Jhulan, the most experienced bowler for India, also praised seamers Mansi Joshi and Shikha Pandey, terming them as match winners.
"Mansi did not get chances in this tournament. She has the spark and swings the balls well. She must improve her fitness level and can carry the legacy. Both she and Shikha are good bowlers and hopefully we will get good fast bowlers," said Jhulan, the highest wicket-taker in the women's game.
Mumbai girl Poona Raut, who made a valiant 86 in the summit clash against England, albeit for a losing cause, said she had prepared well for the tournament.
"There was pressure, we had made a lot of preparation. I was practising the last two years, how to open, how to play in the power play. In England, the wickets are different and ball swings, and then rains.
"We have to play in that conditions which were different from India. Our preparation was done accordingly. We went 10- 12 days in advance, and that helped us to acclimatise to the conditions," the opener told reporters.
Poonam, who made descent contributions in the entire tournament, said she was overwhelmed by the reception on their arrival.
"Yes, we felt good, the rousing reception was not expected. The way our team has played, we deserved it," she added.
Deepti Sharma, who bowls off-spin, said she executed her role to perfection.
"I knew that what was my role, so was doing accordingly. I needed to work on dot balls and I just did that. In batting, I had to work on partnerships and rotate strike and I did that," she said.

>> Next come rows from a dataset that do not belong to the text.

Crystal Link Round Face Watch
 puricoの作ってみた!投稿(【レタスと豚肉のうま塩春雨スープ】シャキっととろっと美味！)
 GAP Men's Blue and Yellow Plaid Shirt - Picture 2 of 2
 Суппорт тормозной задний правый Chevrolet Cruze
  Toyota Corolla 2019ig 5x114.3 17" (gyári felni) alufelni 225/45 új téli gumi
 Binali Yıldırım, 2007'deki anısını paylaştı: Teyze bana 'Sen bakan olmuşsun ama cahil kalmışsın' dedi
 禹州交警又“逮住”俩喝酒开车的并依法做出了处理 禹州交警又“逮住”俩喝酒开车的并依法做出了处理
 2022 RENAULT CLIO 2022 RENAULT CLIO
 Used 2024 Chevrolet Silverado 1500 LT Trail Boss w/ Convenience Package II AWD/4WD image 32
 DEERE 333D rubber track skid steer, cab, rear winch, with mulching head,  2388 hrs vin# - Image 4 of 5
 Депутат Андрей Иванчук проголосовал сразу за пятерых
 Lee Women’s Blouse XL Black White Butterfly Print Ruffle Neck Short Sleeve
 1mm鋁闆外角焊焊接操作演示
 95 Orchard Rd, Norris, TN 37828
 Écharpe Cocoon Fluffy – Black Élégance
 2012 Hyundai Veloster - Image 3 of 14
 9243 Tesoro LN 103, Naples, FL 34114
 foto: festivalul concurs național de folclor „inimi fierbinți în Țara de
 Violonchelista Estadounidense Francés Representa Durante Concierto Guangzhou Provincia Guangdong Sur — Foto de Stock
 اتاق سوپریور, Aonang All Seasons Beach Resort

Batswoman Smriti Mandana, who hails from Sangli in Western Maharashtra, said playing the final at Lord's was a dream come true.
"As a kid, you always dream of playing at the Lord's and unfortunately in 2014 we missed playing at Lords as the match was washed out. I remember Mithali telling me that the 2017 World Cup final is at the same ground, and if we do well we will playing. That happened and it was a dream come true," said Smriti.
Big hitter Harmanpreet Kaur, whose sensational innings of 171 not out took against Australia took India to the final, attributed her success to Big Bash League of Australia.
"I like to bat aggressive, and I think all that helped in the Big Bash, In Big Bash, there were a lot of players. I learned from there, which helped me in South Africa and England. The way I and Smriti (Mandana) got chances, two-three more players should get chance (in Big Bash), which will be beneficial for the team," said Harmapreet.